Start of MATERIAL SHOWN

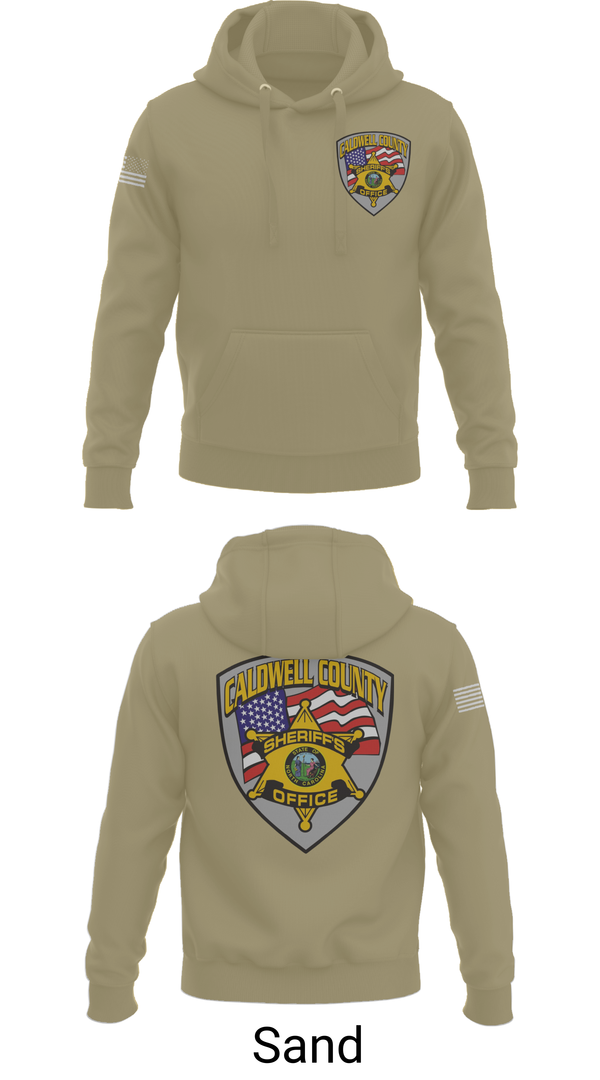 Hoodie, Caldwell County Sheriff's Office, , Teamtime, Team time, sublimation, custom sports apparel, team uniforms, spirit wear, spiritwear, sports uniforms, custom shirts, team store, custom team store, fundraiser sports, apparel fundraiser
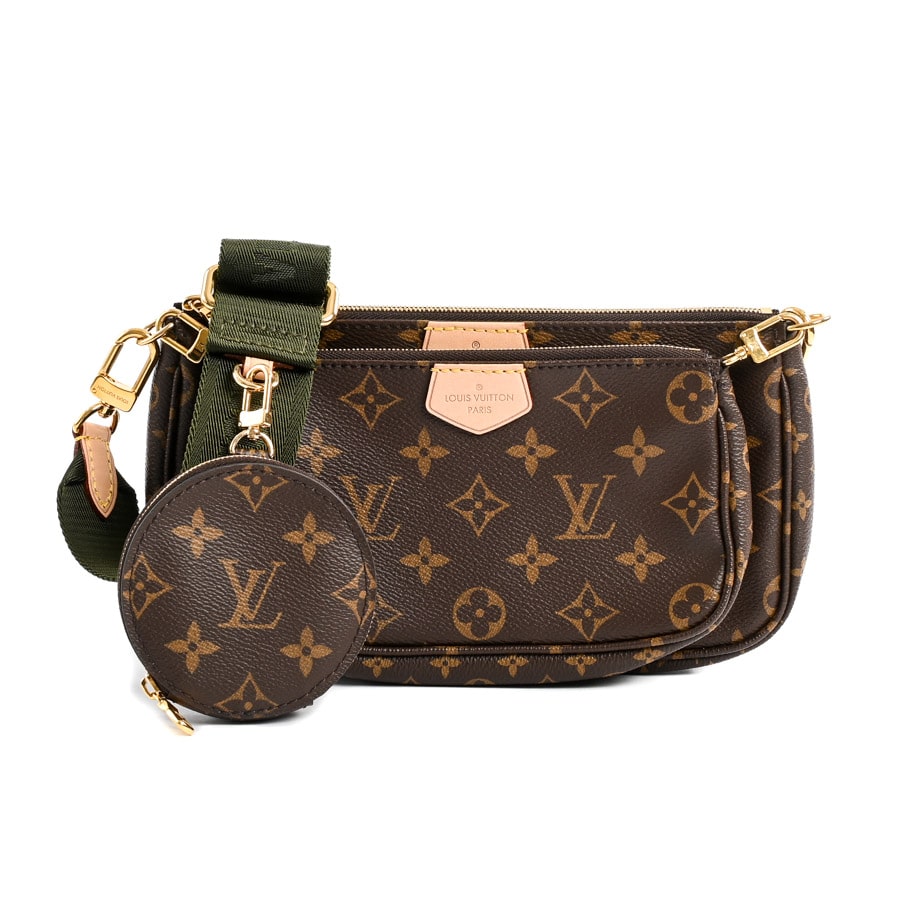 【中古A品】  ルイヴィトン ミュルティポシェットアクセソワール モノグラム M44813  横浜関内店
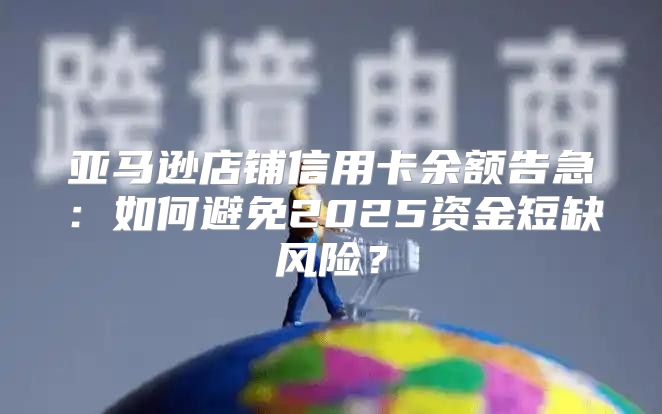 亚马逊店铺信用卡余额告急：如何避免2025资金短缺风险？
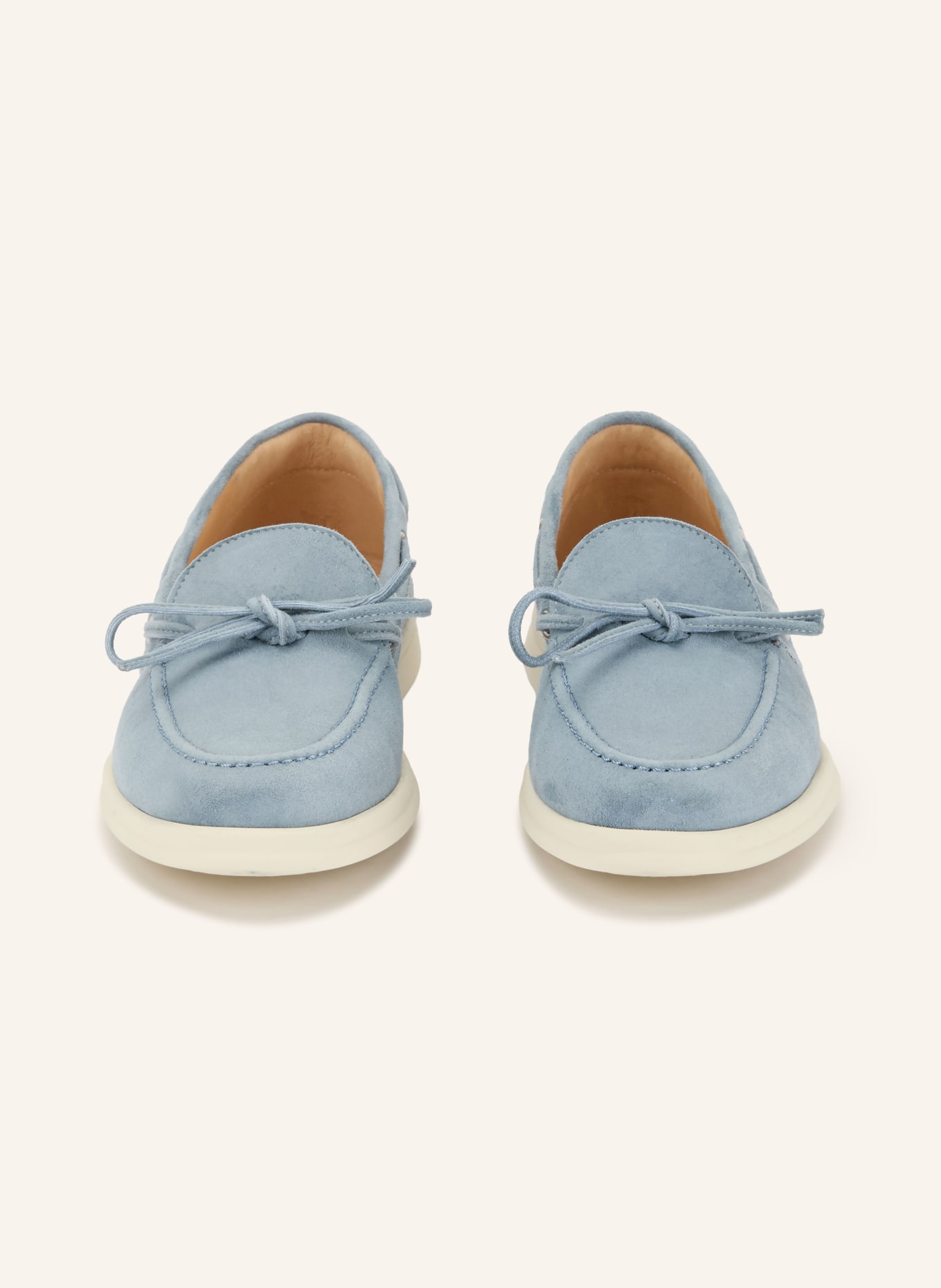 UNÜTZER Deck shoes: LIGHT BLUE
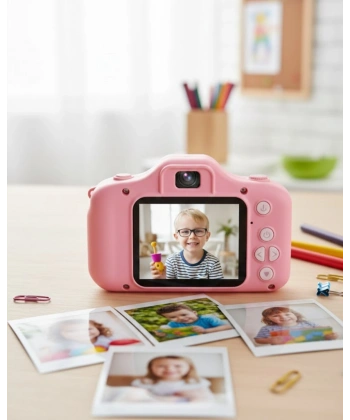 Kompakt Dijital Kamera HD Video ve Fotoğraf Kayıt Özellikli USB Şarjlı Mini Cihaz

End of MATERIAL SHOWN

→ **THE TASK**: Emit the lines of the data above from the one containing "亚马逊店铺信用卡余额告急：如何避免2025资金短缺风险？" through its final line, both endpoints included. Pictures do not belong in the output.

→ **COMPLETED TASK**:
 亚马逊店铺信用卡余额告急：如何避免2025资金短缺风险？
 UNÜTZER Deck shoes: LIGHT BLUE
 Kompakt Dijital Kamera HD Video ve Fotoğraf Kayıt Özellikli USB Şarjlı Mini Cihaz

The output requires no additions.